> [About this exercise] Please give back each line of the material unchanged, but without the images.

> [Provided material]

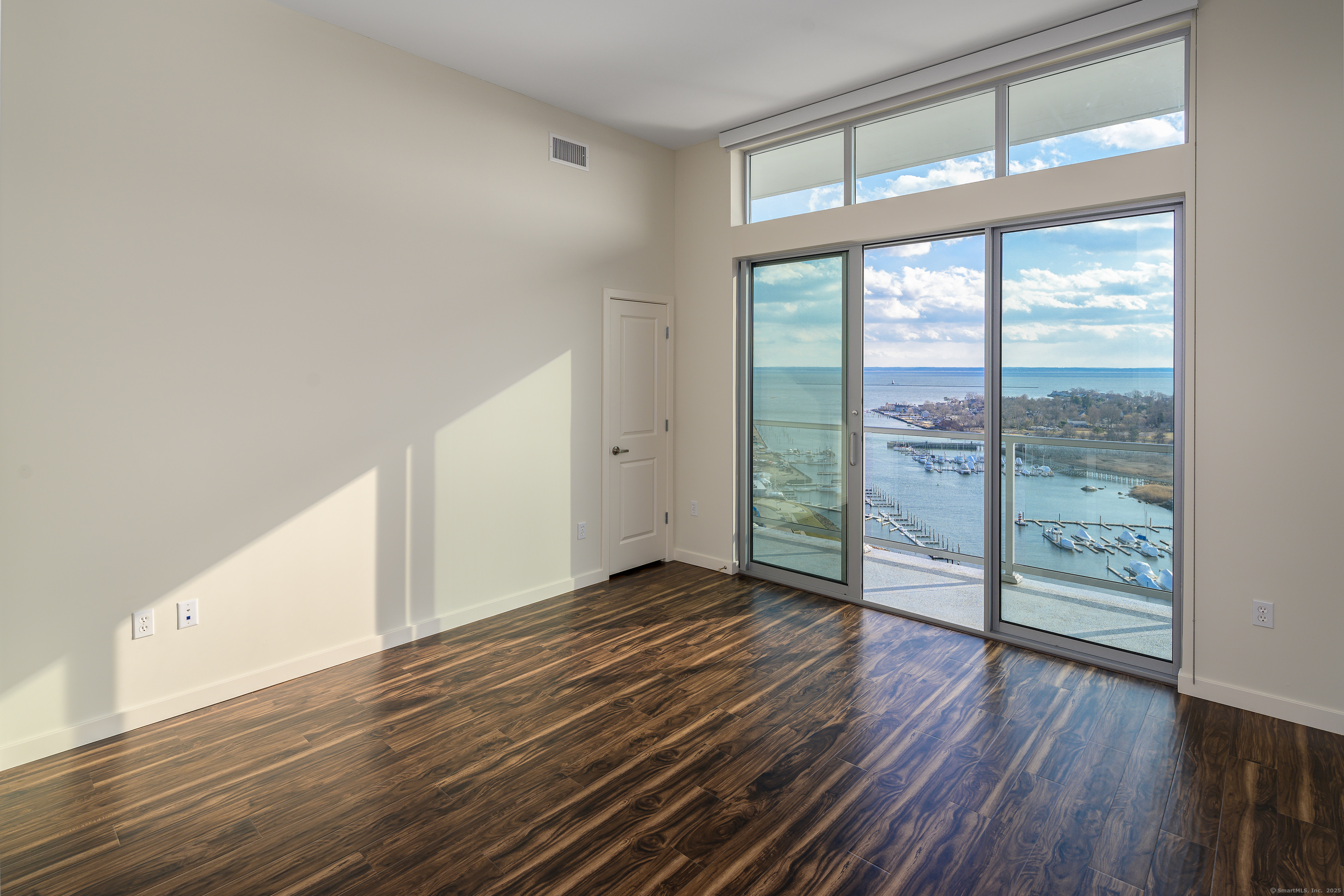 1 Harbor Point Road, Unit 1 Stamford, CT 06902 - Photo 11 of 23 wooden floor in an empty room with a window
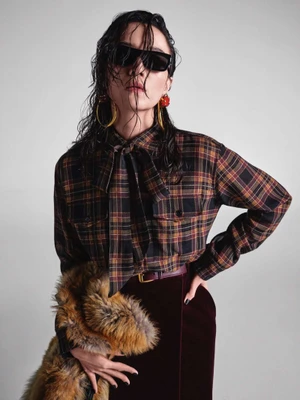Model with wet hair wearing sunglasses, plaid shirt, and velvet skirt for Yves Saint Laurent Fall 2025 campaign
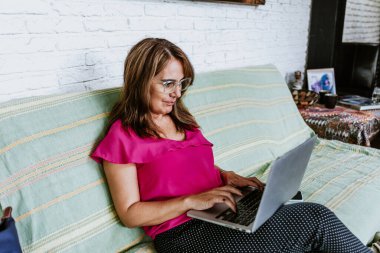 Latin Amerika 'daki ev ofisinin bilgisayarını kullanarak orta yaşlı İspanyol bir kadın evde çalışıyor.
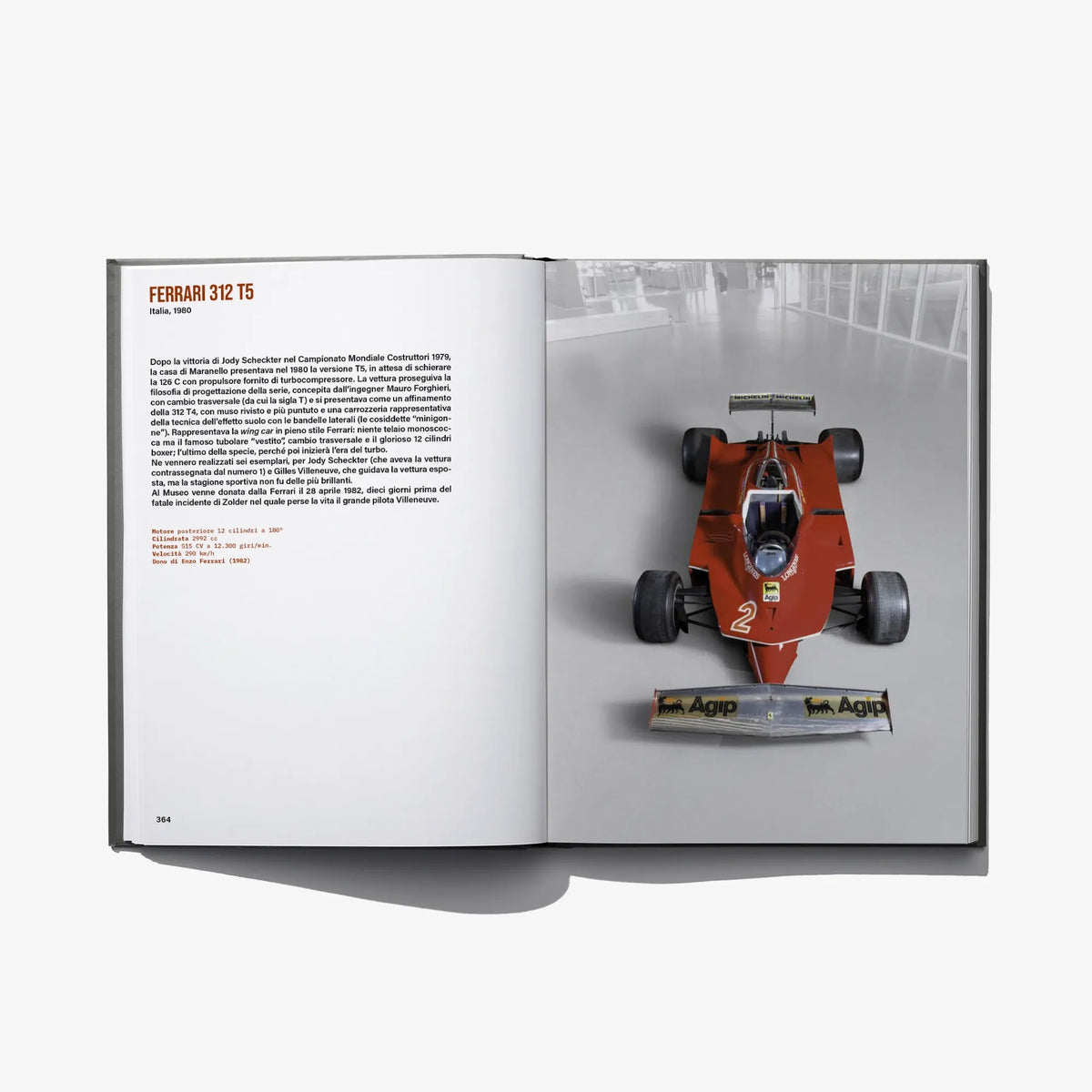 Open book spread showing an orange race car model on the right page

> [Exercise output]
 1 Harbor Point Road, Unit 1 Stamford, CT 06902 - Photo 11 of 23 wooden floor in an empty room with a window
Model with wet hair wearing sunglasses, plaid shirt, and velvet skirt for Yves Saint Laurent Fall 2025 campaign
 Latin Amerika 'daki ev ofisinin bilgisayarını kullanarak orta yaşlı İspanyol bir kadın evde çalışıyor.
 Open book spread showing an orange race car model on the right page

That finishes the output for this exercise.